### Records contained in a dataset:
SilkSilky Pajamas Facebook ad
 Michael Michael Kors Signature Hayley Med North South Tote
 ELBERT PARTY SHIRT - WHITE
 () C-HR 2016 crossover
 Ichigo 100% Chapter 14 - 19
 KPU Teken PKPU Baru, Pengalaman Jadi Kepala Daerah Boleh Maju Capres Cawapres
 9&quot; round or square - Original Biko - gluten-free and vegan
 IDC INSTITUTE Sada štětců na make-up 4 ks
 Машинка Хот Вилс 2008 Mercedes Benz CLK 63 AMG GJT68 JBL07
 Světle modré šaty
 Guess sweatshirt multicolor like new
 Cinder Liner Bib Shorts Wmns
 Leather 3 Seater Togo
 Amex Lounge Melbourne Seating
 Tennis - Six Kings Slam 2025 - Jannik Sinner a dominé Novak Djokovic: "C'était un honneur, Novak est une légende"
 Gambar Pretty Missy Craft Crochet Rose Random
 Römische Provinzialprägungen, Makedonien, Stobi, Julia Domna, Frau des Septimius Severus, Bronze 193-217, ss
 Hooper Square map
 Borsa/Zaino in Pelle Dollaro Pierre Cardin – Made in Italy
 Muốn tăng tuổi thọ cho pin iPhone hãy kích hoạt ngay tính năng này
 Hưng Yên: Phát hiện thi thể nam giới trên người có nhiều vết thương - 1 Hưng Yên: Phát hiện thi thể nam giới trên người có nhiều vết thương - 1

### Task details:
Every entry above should be retyped exactly as it appears.

### Exercise answer:
SilkSilky Pajamas Facebook ad
 Michael Michael Kors Signature Hayley Med North South Tote
 ELBERT PARTY SHIRT - WHITE
 () C-HR 2016 crossover
 Ichigo 100% Chapter 14 - 19
 KPU Teken PKPU Baru, Pengalaman Jadi Kepala Daerah Boleh Maju Capres Cawapres
 9&quot; round or square - Original Biko - gluten-free and vegan
 IDC INSTITUTE Sada štětců na make-up 4 ks
 Машинка Хот Вилс 2008 Mercedes Benz CLK 63 AMG GJT68 JBL07
 Světle modré šaty
 Guess sweatshirt multicolor like new
 Cinder Liner Bib Shorts Wmns
 Leather 3 Seater Togo
 Amex Lounge Melbourne Seating
 Tennis - Six Kings Slam 2025 - Jannik Sinner a dominé Novak Djokovic: "C'était un honneur, Novak est une légende"
 Gambar Pretty Missy Craft Crochet Rose Random
 Römische Provinzialprägungen, Makedonien, Stobi, Julia Domna, Frau des Septimius Severus, Bronze 193-217, ss
 Hooper Square map
 Borsa/Zaino in Pelle Dollaro Pierre Cardin – Made in Italy
 Muốn tăng tuổi thọ cho pin iPhone hãy kích hoạt ngay tính năng này
 Hưng Yên: Phát hiện thi thể nam giới trên người có nhiều vết thương - 1 Hưng Yên: Phát hiện thi thể nam giới trên người có nhiều vết thương - 1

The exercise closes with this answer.